The Tennessee Conference is an Annual Conference (a regional episcopal area, similar to a diocese) of the United Methodist Church. This conference serves the congregations in Middle Tennessee. The Tennessee Conference falls within the Nashville Episcopal Area which also includes the Memphis Conference. The Tennessee Conference is part of the Southeastern Jurisdictional Conference, and is over seen by resident Bishop Reverend Bill McAllily. Bishop McAlilly was elected to this post in 2012. The episcopal office is located in downtown Nashville at 1908 Grand Avenue, Nashville, TN 37212.

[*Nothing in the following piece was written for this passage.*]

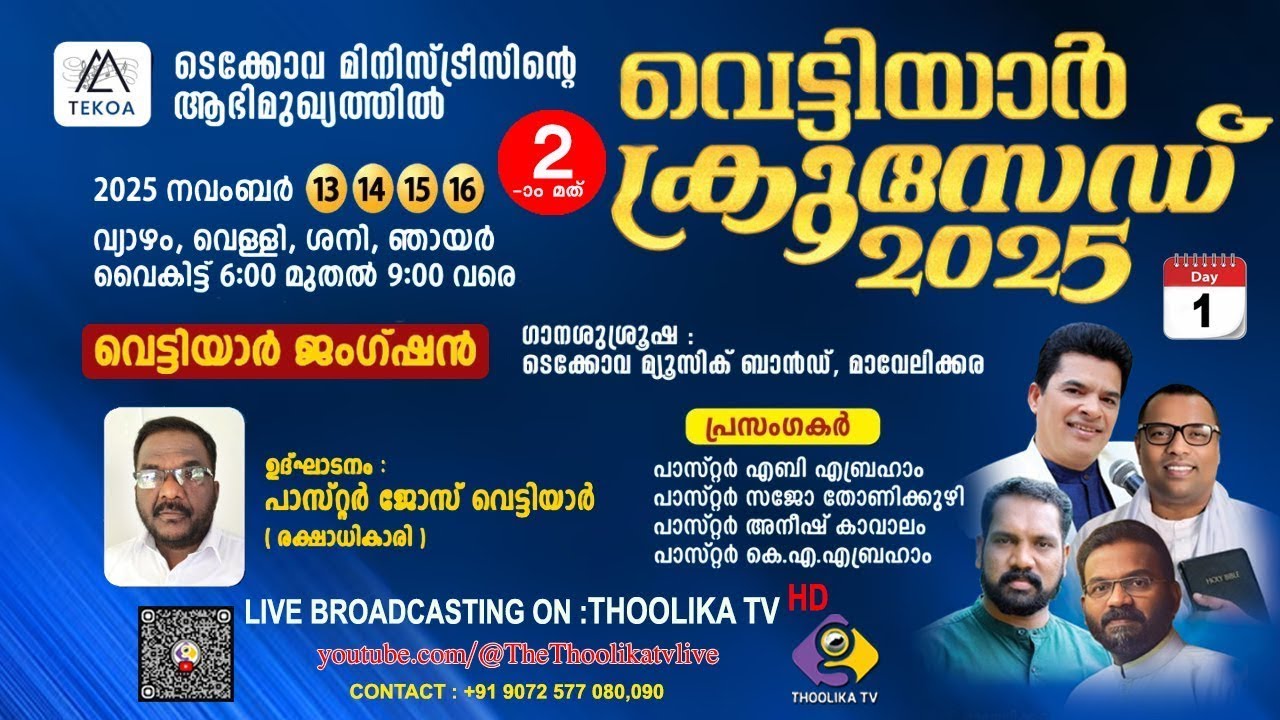വെട്ടിയാർ ക്രൂസേഡ് 2025 |  LIVE ON : 14.11.2025 | THOOLIKA TV +91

The conference's administrative offices are located at 304 S. Perimeter Park Dr. Nashville, TN 37211. The following offices are located at the conference center:

Administration & Finance for the Tennessee Conference, Suite 4
Connectional Ministries for the Tennessee Conference, Suite 1
Office of Leadership Formation and Development for the Memphis and Tennessee Conferences, Suite 6
United Methodist Foundation for the Memphis and Tennessee Conferences, Suite 3

The mission of the Tennessee Conference is to discover, equip, connect, and send lay and clergy leaders who shape congregations that offer Jesus Christ to a hurting world one neighborhood at a time.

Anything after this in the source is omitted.